Franchising is appealing in part because she would like to spend less time on day-to-day gym operations—currently a 12-hour-a-day, six-day-a-week demand on her schedule—and more on special projects, such as the first-ever Golden Gloves World Championship that she is helping to organize. Taking place November 16 and 17 at the Grand Casino in Hinckley, the tournament is expected to draw fighters from as far away as Puerto Rico and Ireland.

Franchising would also sidestep her chief obstacle to expansion: money. Bauch says she can’t afford to launch other gyms on her own, but she has yet to find qualified franchisees who would pay both up-front costs and then monthly fees to use Uppercut’s brand and learn its operating procedures.

Uppercut really is a brand, not just a trademarked name, says Sarah Mickelson, a certified coach and Golden Gloves boxer who has been a part-time trainer at the gym since its Lake Street days. “Lisa found a niche” that was missing in the boxing world, at least in the Midwest, Mickelson says. “She looked at it as a business, understanding how a business runs. Uppercut is open to everyone who wants to box. People of all ages can come in and try the sport. You can train as if you’re going to compete, but with the option of never competing. Nobody tries to rush you into sparring before you’re ready.” The upshot is that “people come in and have a good experience.”

Bauch knows she’s found a model that works. One of the best parts, she says, is when knowledgeable boxing people “come to the gym and say, ‘I love your place. I always wanted to do this.’” A colleague has franchised his for-profit Gleason’s Gym on the East Coast, and would like Bauch to become a franchisee. A couple on the West Coast is now franchising their co-owned Prime Time Boxing gym, Bauch says. In the Midwest, too, “I think somebody is going to end up franchising the idea. I just want it to be me.”


The Great Female Hope? Don’t hold your breath.

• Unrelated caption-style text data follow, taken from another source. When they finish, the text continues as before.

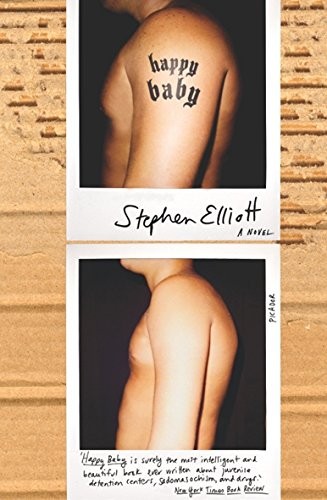 Stephen Elliott: Happy Baby (Paperback, Pan MacMillan)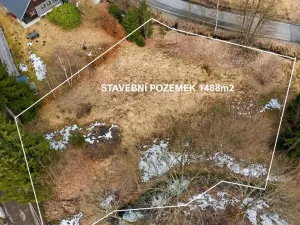 Prodej pozemku, Bedřichov, 1488 m2
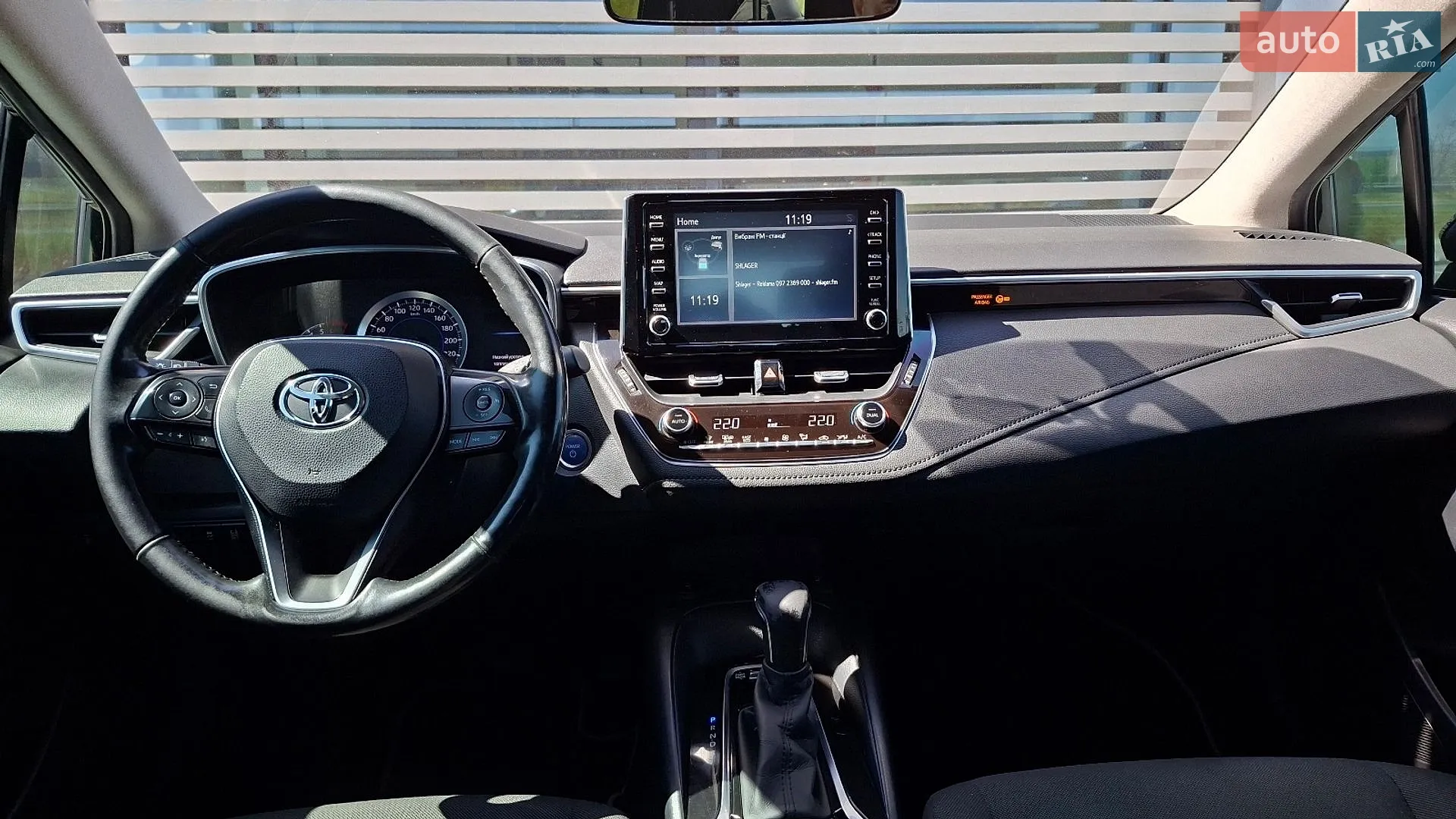 2019 Toyota Corolla - мініатюра 12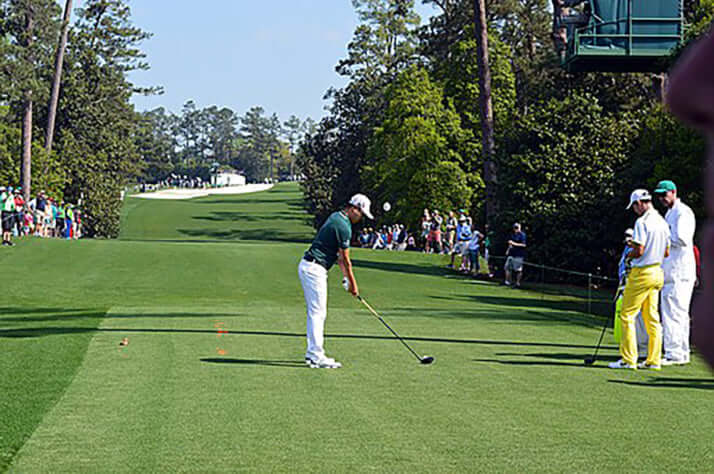 オーガスタ・ナショナル・ゴルフクラブ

The fact that Lisa Bauch did not set out to run a females-only gym doesn’t mean that she had no agenda concerning women in boxing. Golden Gloves has a female division, and she has worked to promote and strengthen it. After moving to Uppercut’s Northeast Minneapolis location in 2004, she organized a team of five women from the gym who fought in tournaments as far away as Kansas City.

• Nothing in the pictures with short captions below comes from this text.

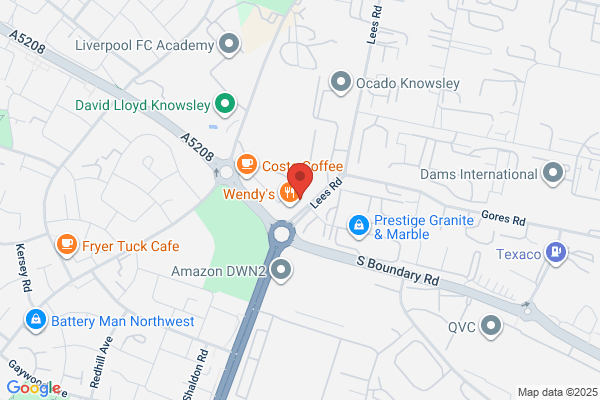 Screwfix Kirkby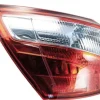 Feu arrière gauche extérieur pour NISSAN QASHQAI I ph.2, 2010-2014, LED, partie sur aile, Neuf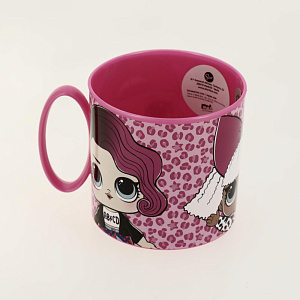 Кружка 265мл STOR LOL пластик 000000000001203174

Last year, the team called it quits. Too frustrating, Bauch says. “Half the time, you can’t find matches for [female fighters] locally, so then you have to travel out of state. Well, do you have the time? Do you have the money? It’s just a constant battle. That’s where you lose your fighters.”

One might expect a surge of interest in female boxing generated by Million Dollar Baby, which won 2005’s best-picture Oscar, or by the media attention paid to Muhammad Ali’s daughter Laila, a pro boxer.

One’s expectation would be wrong, Bauch reports. For a time, she thought that women’s boxing might rise to a level at least comparable to that of, say, women’s basketball: the Minnesota Lynx in relation to the Minnesota Timberwolves. She no longer believes it.

For one thing, she has accepted that “a lot of people just don’t want to see women get in the ring and get punched around.” What’s more, the sport in general has fallen on hard times. Men’s boxing is struggling, and “no one is going to pay attention to the women until they can get men’s boxing back up to where it needs to be,” Bauch says.

“If you had asked me six years ago, ‘Do you think women’s boxing will ever get to a caliber somewhere close to what men’s boxing is?’ I would have said yes. Ask me that same question now, I’ll say no, it will never happen.”